Three Hour Tour by L.P. Snyder

I got this book for one simple reason—it really amused me to think of someone writing a darker take on Gilligan’s Island. And this is darker! Everyone does not come together in a happy spirit of cooperation to make life a paradise on the isolated island. But I’m getting ahead of myself…

 

Three Hour Tour starts slow as the fairly large cast is introduced, but then picks up speed and charges away toward the last page once Snyder finally reaches the spot where he gets to turn his tourists into castaways. Once on the island, things fall apart quickly. The “important man” (think Thurston Hall with bodyguards and even less morals) takes over in what initially appears to be a reasonably democratic way but quickly becomes rule by force when people begin to disagree with him.

 

Our hero is something of a loner and slips away early on to explore the island and avoid the “bad guy”. To do this, he leaves his friends behind, but he doesn’t forget them.
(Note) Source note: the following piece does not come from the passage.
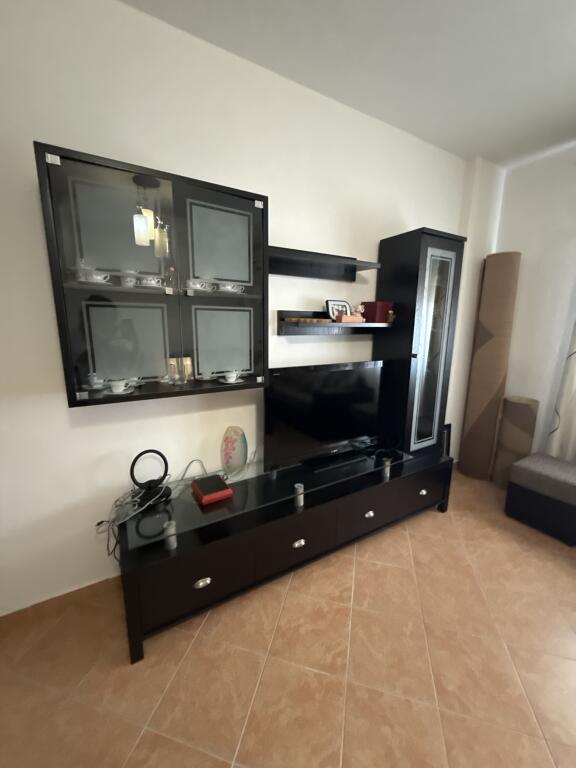 Apartament me Qira pranë Spitalit Hygea dhe - 2+1, Kat i 5-të, Me Ashensor
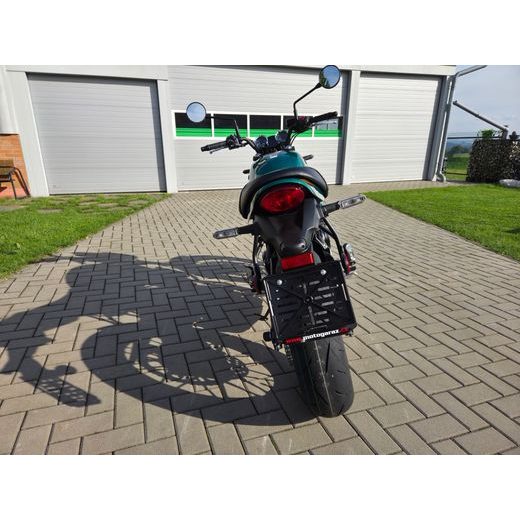 KAWASAKI Z650RS CANDY EMERALD GREEN 2026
The island is beautifully drawn with waterfalls, caves, a lookout peak, and other exciting and totally believable features. There’s also two surprises on the island which leads to this reading a lot more like Treasure Island than Lord of the Flies.

 

The tension in the book boils down to a conflict between Dee (our hero) and the bad guy and his guards. Dee is not a violent sort of person, so his efforts are largely devoted to helping people who want to escape the bad guy do so, while trying to figure out how to help those who choose to stay behind.

 

Then the pirates arrive—yes, colorful pirates—and things turn much darker and more violent. By this point, Dee and his friends have also figured out that they must be very far off the normal sea lanes so these pirates also might represent their only hope of escape. The tension here is very real and the solution works pretty well.

 

My biggest problem in the book is with the circumstances leading to our castaways being stranded on the island. Snyder spends a lot of time building up a connection between the big bad guy and the captain of the cruise ship. I believed there to be some sort of corrupt deal there. This feeling was reinforced when the ship acts strange coming out of port and the crew starts lying to the passengers. Then there are mechanical difficulties which Dee convincingly points out can’t be what the passengers are being told they are. Then the passengers are put on small boats to be moved to another vessel (the three-hour tour of the title) where there are yet more mechanical problems which open them up to a rogue wave and storm. Snyder never explains what was really going on with the cruise ship and for me it was a major disappointment in the story. If there wasn’t something nefarious happening, he should have stuck with a simple, believable, mechanical problem. Since he didn’t do that, I feel like we were never given the full story.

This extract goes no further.